● SUPPLIED INFORMATION
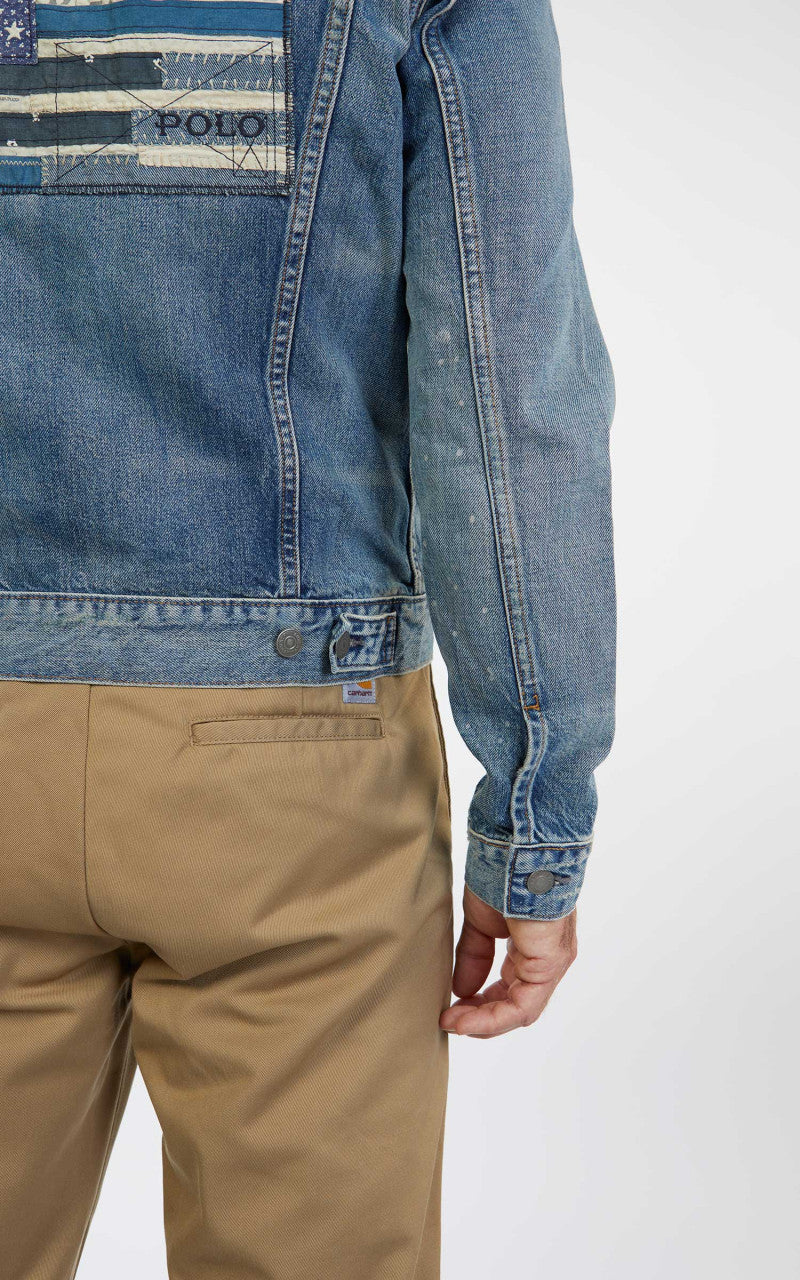 Polo Ralph Lauren Icon Trucker Denim Jacket Decker
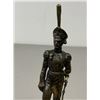 Image 2 : IMPERIAL RUSSIAN OFFICER WAR OF 1812 BRONZE ON STONE BASE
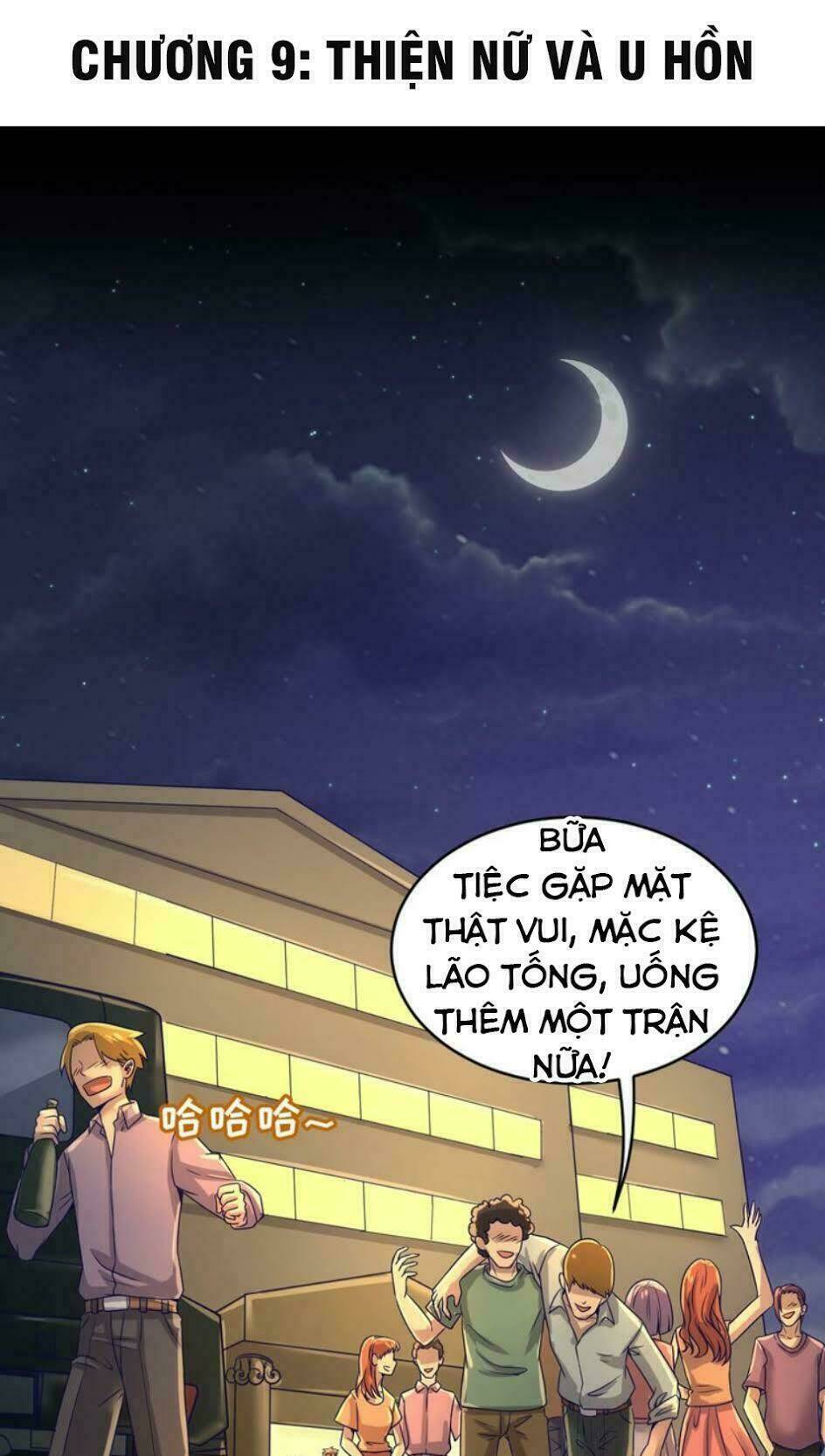 người chặn xuyên không chapter 9 2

● EXERCISE PROMPT
Without the pictures, write out the whole listing exactly as it appears.

● EXERCISE SOLUTION
 Polo Ralph Lauren Icon Trucker Denim Jacket Decker
 Image 2 : IMPERIAL RUSSIAN OFFICER WAR OF 1812 BRONZE ON STONE BASE
 người chặn xuyên không chapter 9 2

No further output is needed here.